## Task item
Print, exactly as they stand, the lines below from the one that has "雅 各 书 5:11 CUVS Bible Study" to the one that has "<i>Eudonia delunella</i>", inclusive, leaving out the pictures.

## Input
========================

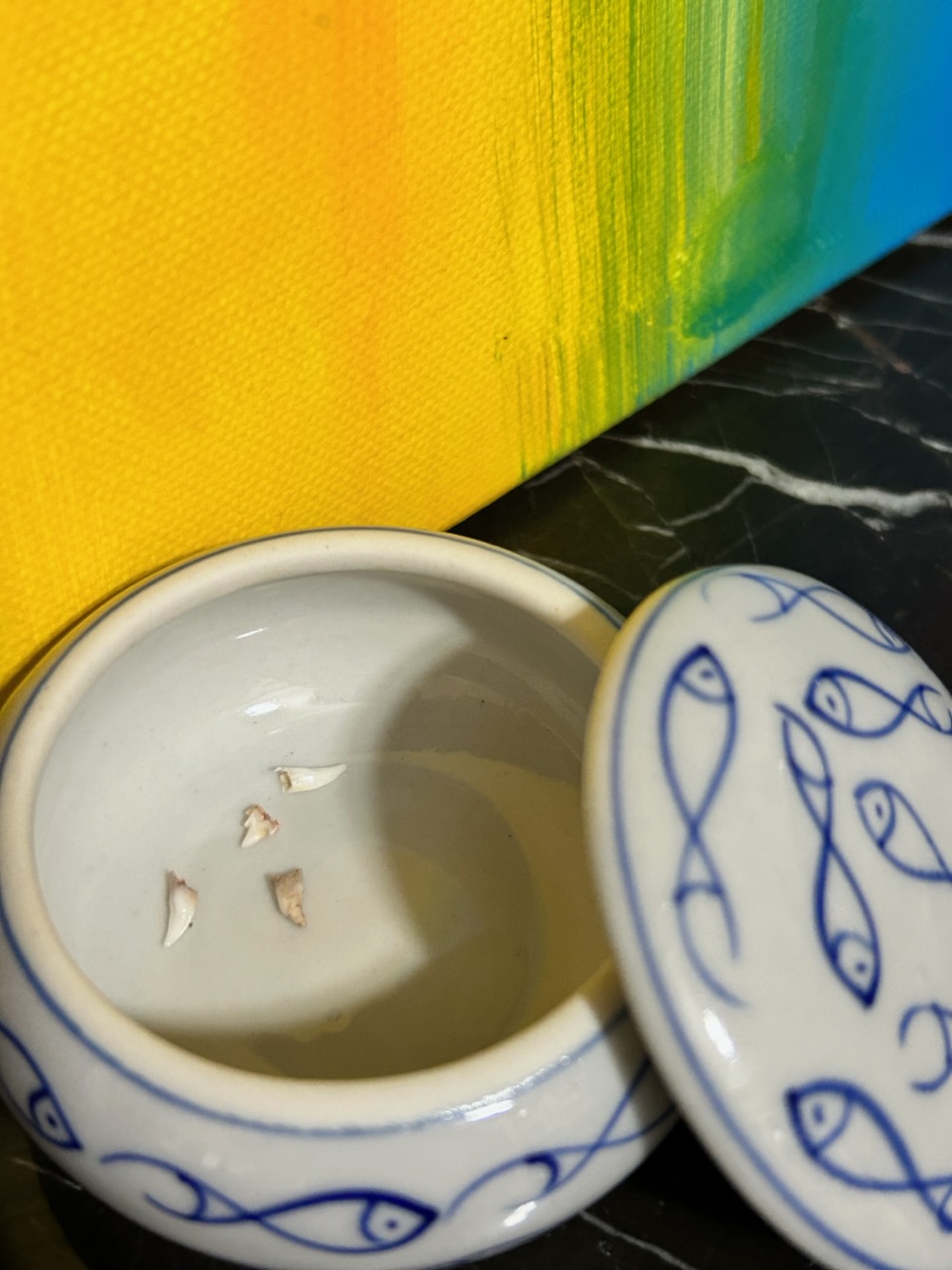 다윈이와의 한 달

========================

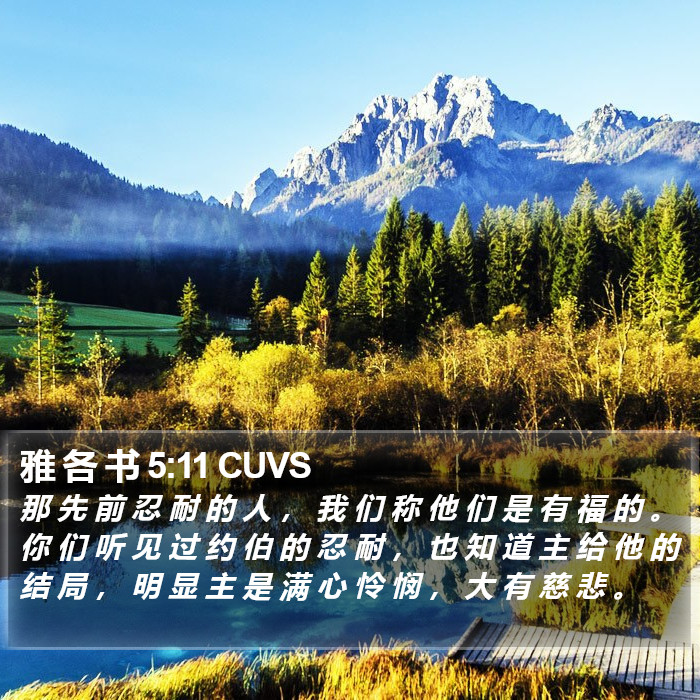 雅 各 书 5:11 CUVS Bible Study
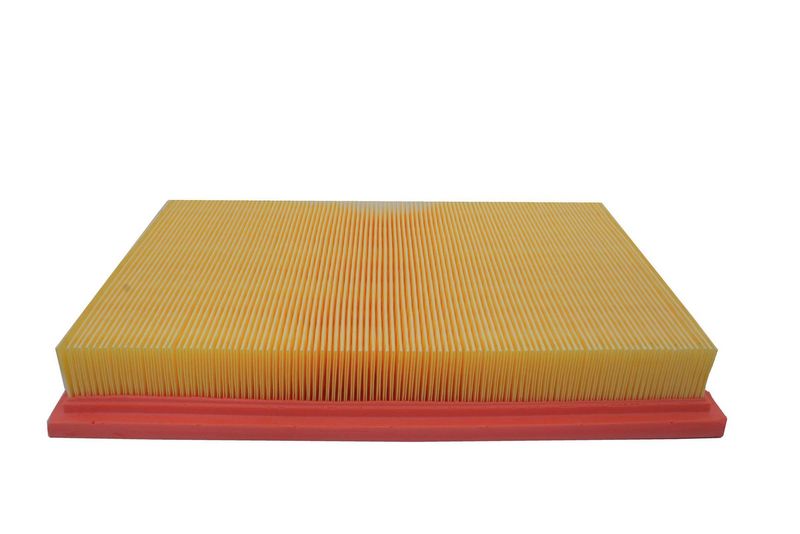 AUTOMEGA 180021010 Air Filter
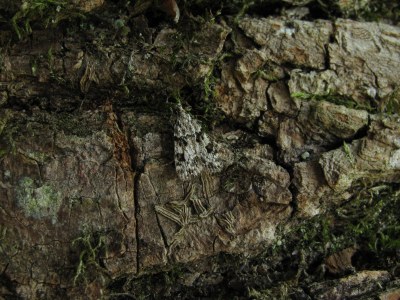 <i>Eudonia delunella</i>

========================

## Solution to this task
 雅 各 书 5:11 CUVS Bible Study
 AUTOMEGA 180021010 Air Filter
 <i>Eudonia delunella</i>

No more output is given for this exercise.